WHAT THE TASK REQUIRES - Pictures aside, write out the data exactly as it reads.

[DATA SHOWN]

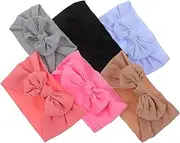 MOBUTOFU Toddler Headband Set 6pcs Baby Girl Bows Elastic Gentle on Hair for Parties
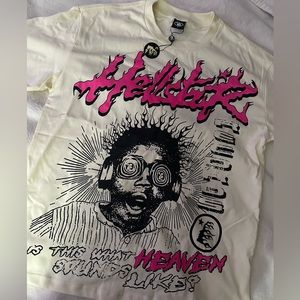 Pink and cream hellstar shirt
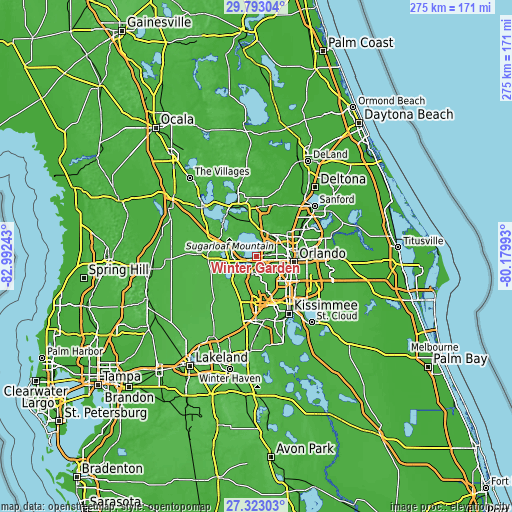 Topographic map of Winter Garden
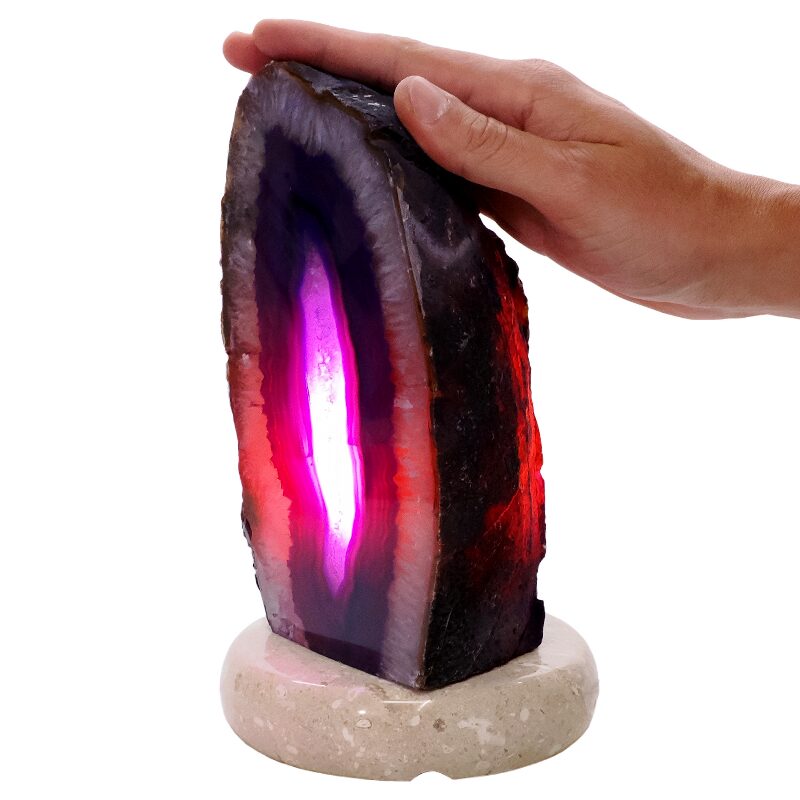 3.4kg Purple Agate Crystal Lamp with Marble Base - Puple LED - N2412 4 Purple Agate Crystal Lamp with Marble Base - Puple LED - N2412 | Crystal Factory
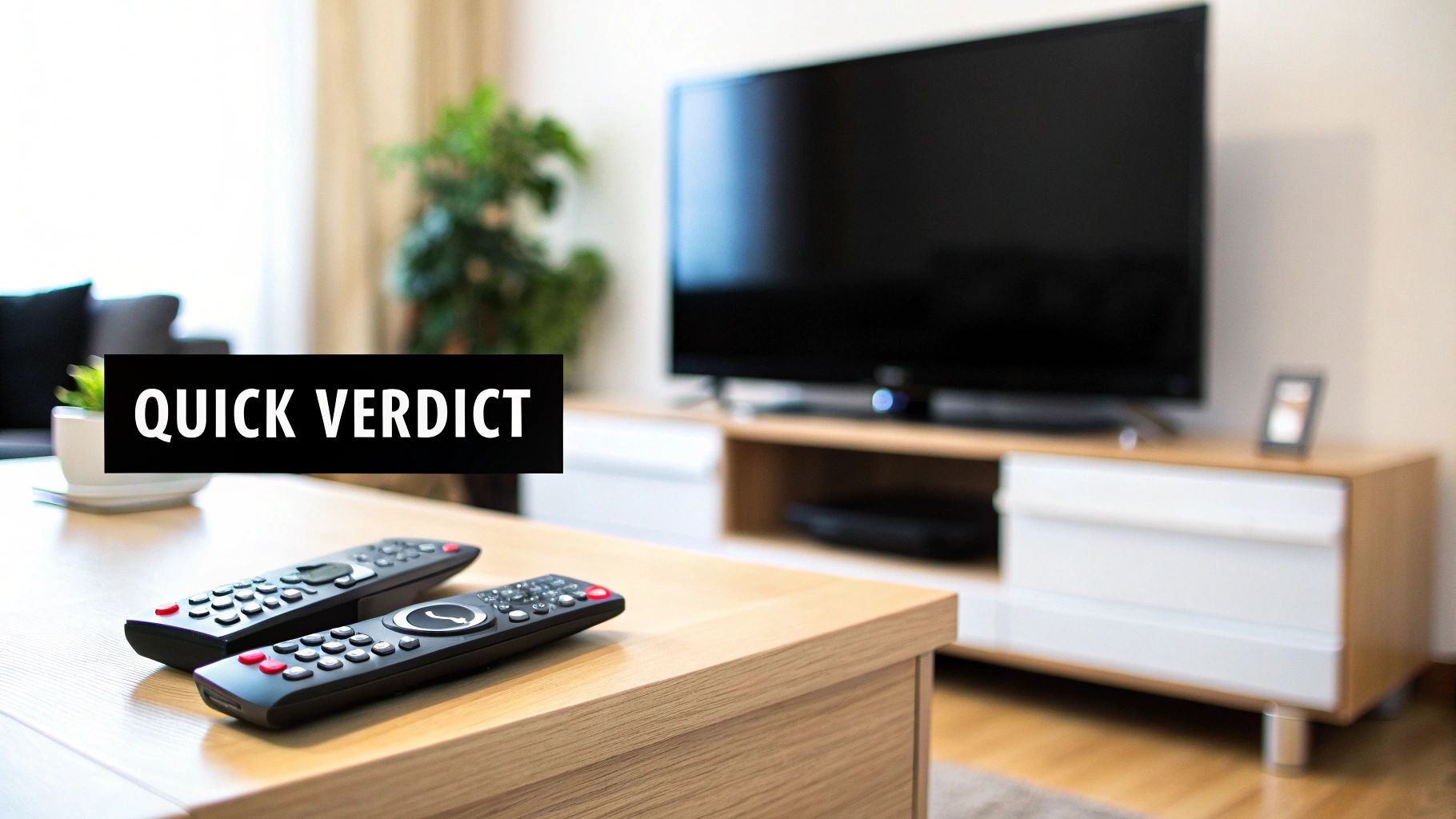 Two TV remote controls on a wooden coffee table in a modern living room with a TV.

[/DATA SHOWN]

RESULT OF THE TASK -
 MOBUTOFU Toddler Headband Set 6pcs Baby Girl Bows Elastic Gentle on Hair for Parties
 Pink and cream hellstar shirt
 Topographic map of Winter Garden
 3.4kg Purple Agate Crystal Lamp with Marble Base - Puple LED - N2412 4 Purple Agate Crystal Lamp with Marble Base - Puple LED - N2412 | Crystal Factory
 Two TV remote controls on a wooden coffee table in a modern living room with a TV.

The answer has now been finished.